— Task to carry out —
Hand back, word for word, the lines from the one containing "أرشي حقيبة كلاتش" to the end of the records, both included, and leave out pictures.

— Data supplied —
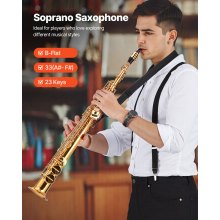 Gold Brass Straight Soprano Saxophone B Flat Sax with Case Straps Mouthpiece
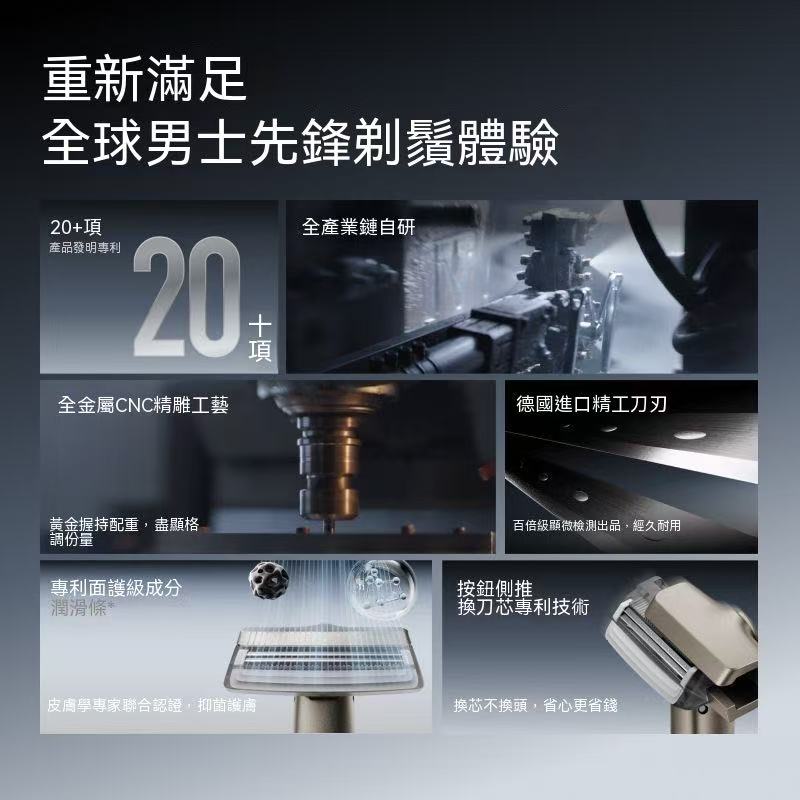 (For Men) All-metal manual razor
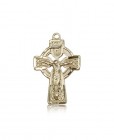 Celtic Crucifix Pendant, 14 Karat Gold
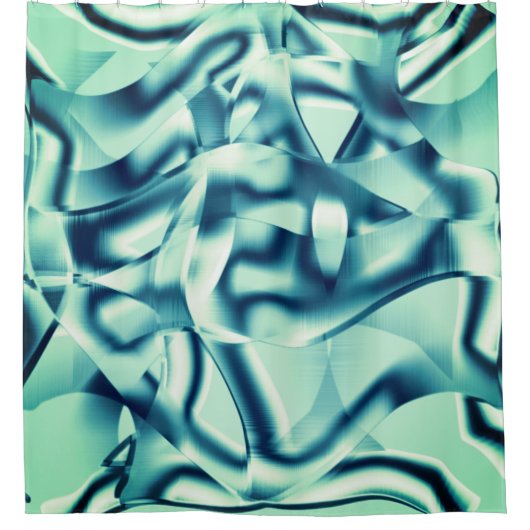 Gezwirnte, grünlich blaue Formen, schimmernde Zyan Duschvorhang (Vorderseite)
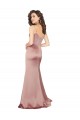 Cheapest Sleeveless Silky Satin Sheath Long V-Neck Evening Dress UK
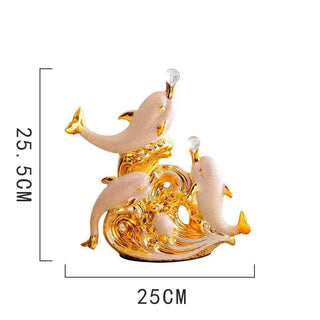 Modern Creative Dolphin Statue Ceramic Accessories Home Bedroom Desk Cabinet Decoration Items Office Cafe Table Sculpture Decor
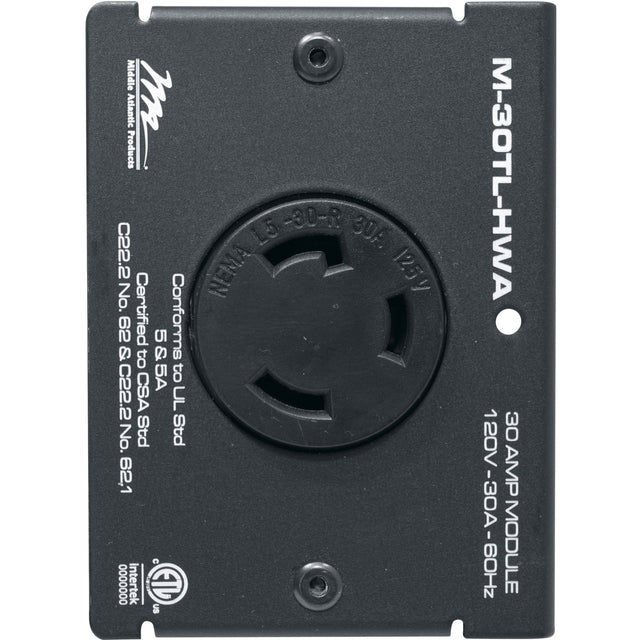 Middle Atlantic MPR Module, 30 A, Twistlock, L5-30R, Hardwired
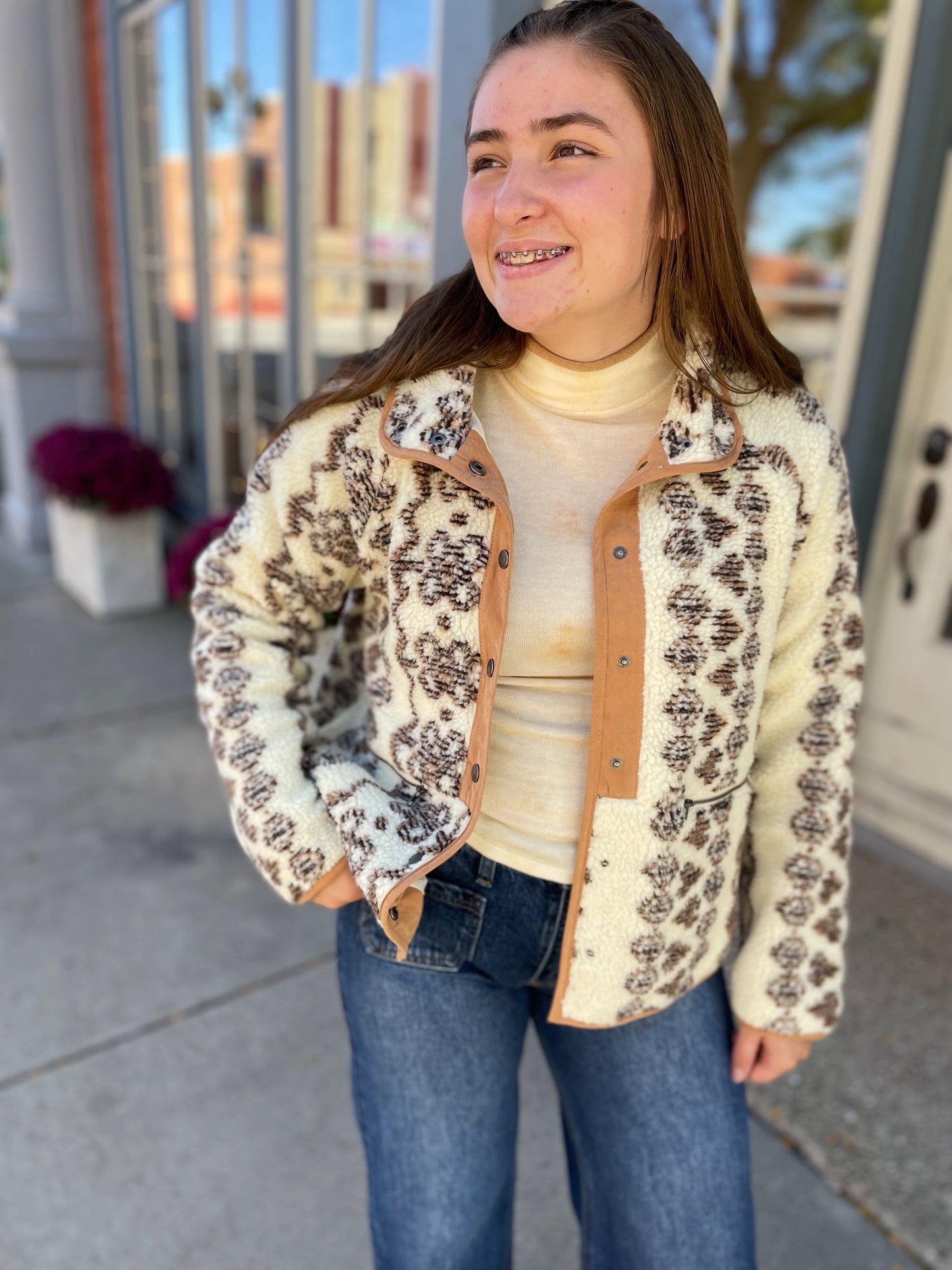 Cream and Cappuccino Aztec Shacket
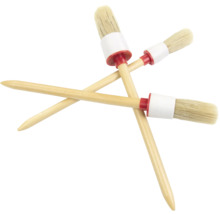 Drei Ringpinsel mit Holzstiel und Naturborsten für Malerarbeiten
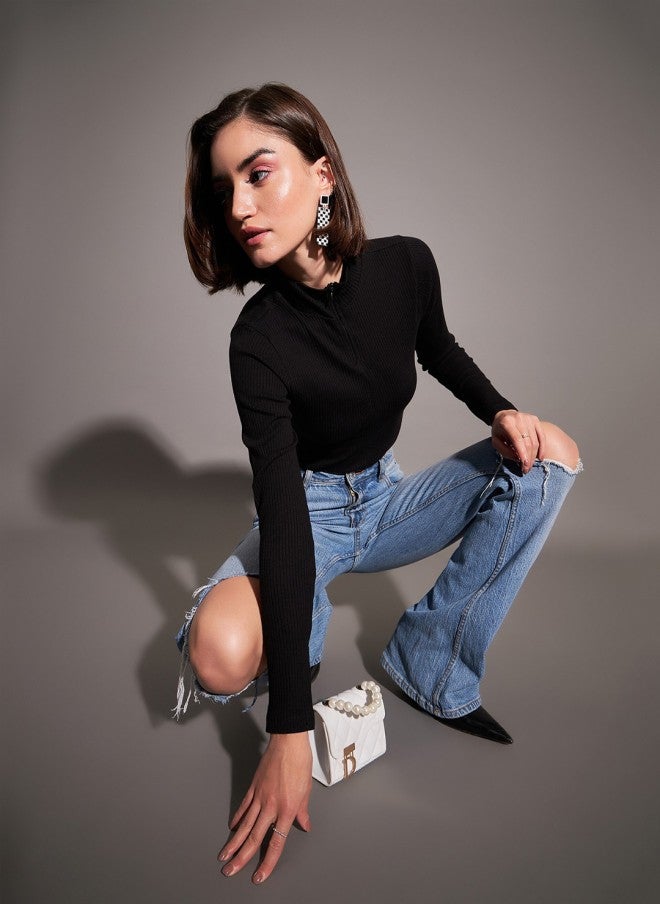 ساسافراس بلوزة نسائية ضيقة بياقة عالية سوداء - Image 5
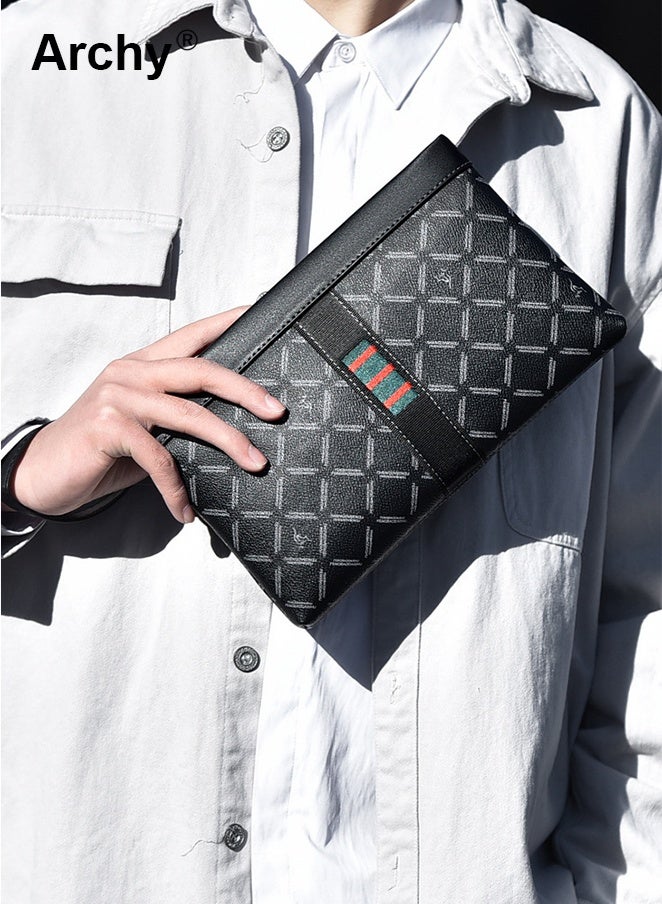 أرشي حقيبة كلاتش فاخرة للرجال بتصميم مغلف - حقيبة يد أنيقة بتصميم أنيق للشباب | للاستخدام اليومي والعملي | مقاس 7.9 بوصة، مقاومة للماء، متعددة الجيوب - Image 1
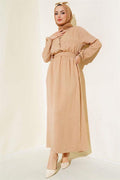 Elastic Waist Belted Linen Dress Latte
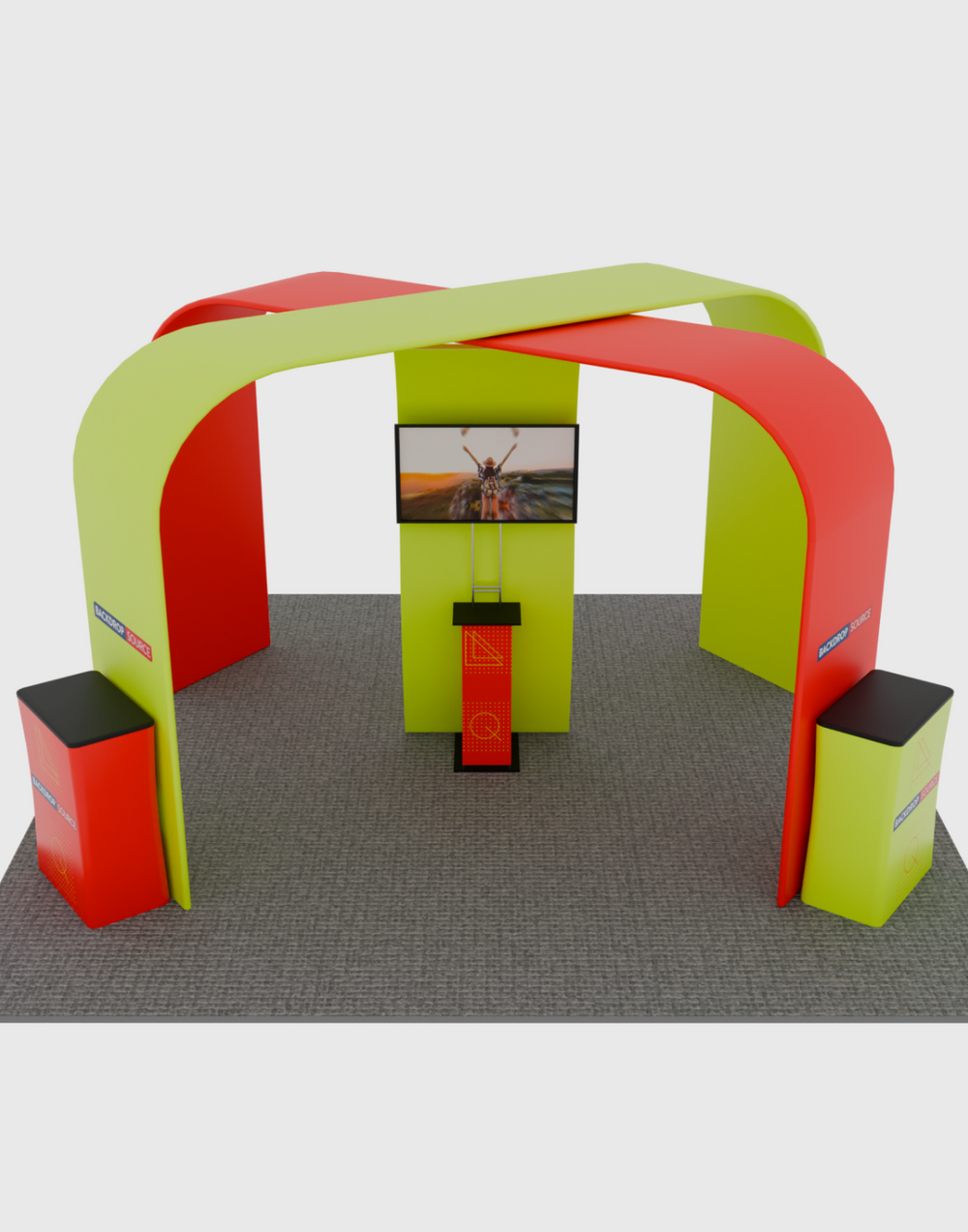 6x6m Booth Kit with S-Curve Display, Square Arches & 4 Counters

— The answer —
 أرشي حقيبة كلاتش فاخرة للرجال بتصميم مغلف - حقيبة يد أنيقة بتصميم أنيق للشباب | للاستخدام اليومي والعملي | مقاس 7.9 بوصة، مقاومة للماء، متعددة الجيوب - Image 1
 Elastic Waist Belted Linen Dress Latte
 6x6m Booth Kit with S-Curve Display, Square Arches & 4 Counters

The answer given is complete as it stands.